__INPUT__

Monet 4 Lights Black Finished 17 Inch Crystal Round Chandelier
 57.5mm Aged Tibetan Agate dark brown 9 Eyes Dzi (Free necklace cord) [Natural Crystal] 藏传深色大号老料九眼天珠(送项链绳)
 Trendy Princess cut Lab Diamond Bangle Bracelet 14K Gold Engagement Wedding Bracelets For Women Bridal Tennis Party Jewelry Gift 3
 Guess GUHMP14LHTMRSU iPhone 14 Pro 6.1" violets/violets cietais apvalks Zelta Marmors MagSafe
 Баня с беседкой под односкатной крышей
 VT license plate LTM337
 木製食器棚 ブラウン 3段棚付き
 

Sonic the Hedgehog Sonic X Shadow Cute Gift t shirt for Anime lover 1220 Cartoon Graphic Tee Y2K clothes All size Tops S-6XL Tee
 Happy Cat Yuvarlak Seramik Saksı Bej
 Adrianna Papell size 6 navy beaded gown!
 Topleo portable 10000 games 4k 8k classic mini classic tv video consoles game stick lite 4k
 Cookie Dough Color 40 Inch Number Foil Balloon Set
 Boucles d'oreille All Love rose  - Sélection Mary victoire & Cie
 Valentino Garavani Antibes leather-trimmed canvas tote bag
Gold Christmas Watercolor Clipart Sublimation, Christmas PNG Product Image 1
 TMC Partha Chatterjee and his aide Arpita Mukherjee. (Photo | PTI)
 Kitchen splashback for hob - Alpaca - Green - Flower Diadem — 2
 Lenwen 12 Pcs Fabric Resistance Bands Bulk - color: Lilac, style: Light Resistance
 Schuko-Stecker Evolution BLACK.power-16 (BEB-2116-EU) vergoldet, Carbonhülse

__ACTIVITY__
Exactly and in full, write out the lines from the one containing "57.5mm Aged Tibetan" through the end of the listing.

__SOLUTION__
 57.5mm Aged Tibetan Agate dark brown 9 Eyes Dzi (Free necklace cord) [Natural Crystal] 藏传深色大号老料九眼天珠(送项链绳)
 Trendy Princess cut Lab Diamond Bangle Bracelet 14K Gold Engagement Wedding Bracelets For Women Bridal Tennis Party Jewelry Gift 3
 Guess GUHMP14LHTMRSU iPhone 14 Pro 6.1" violets/violets cietais apvalks Zelta Marmors MagSafe
 Баня с беседкой под односкатной крышей
 VT license plate LTM337
 木製食器棚 ブラウン 3段棚付き
 

Sonic the Hedgehog Sonic X Shadow Cute Gift t shirt for Anime lover 1220 Cartoon Graphic Tee Y2K clothes All size Tops S-6XL Tee
 Happy Cat Yuvarlak Seramik Saksı Bej
 Adrianna Papell size 6 navy beaded gown!
 Topleo portable 10000 games 4k 8k classic mini classic tv video consoles game stick lite 4k
 Cookie Dough Color 40 Inch Number Foil Balloon Set
 Boucles d'oreille All Love rose  - Sélection Mary victoire & Cie
 Valentino Garavani Antibes leather-trimmed canvas tote bag
Gold Christmas Watercolor Clipart Sublimation, Christmas PNG Product Image 1
 TMC Partha Chatterjee and his aide Arpita Mukherjee. (Photo | PTI)
 Kitchen splashback for hob - Alpaca - Green - Flower Diadem — 2
 Lenwen 12 Pcs Fabric Resistance Bands Bulk - color: Lilac, style: Light Resistance
 Schuko-Stecker Evolution BLACK.power-16 (BEB-2116-EU) vergoldet, Carbonhülse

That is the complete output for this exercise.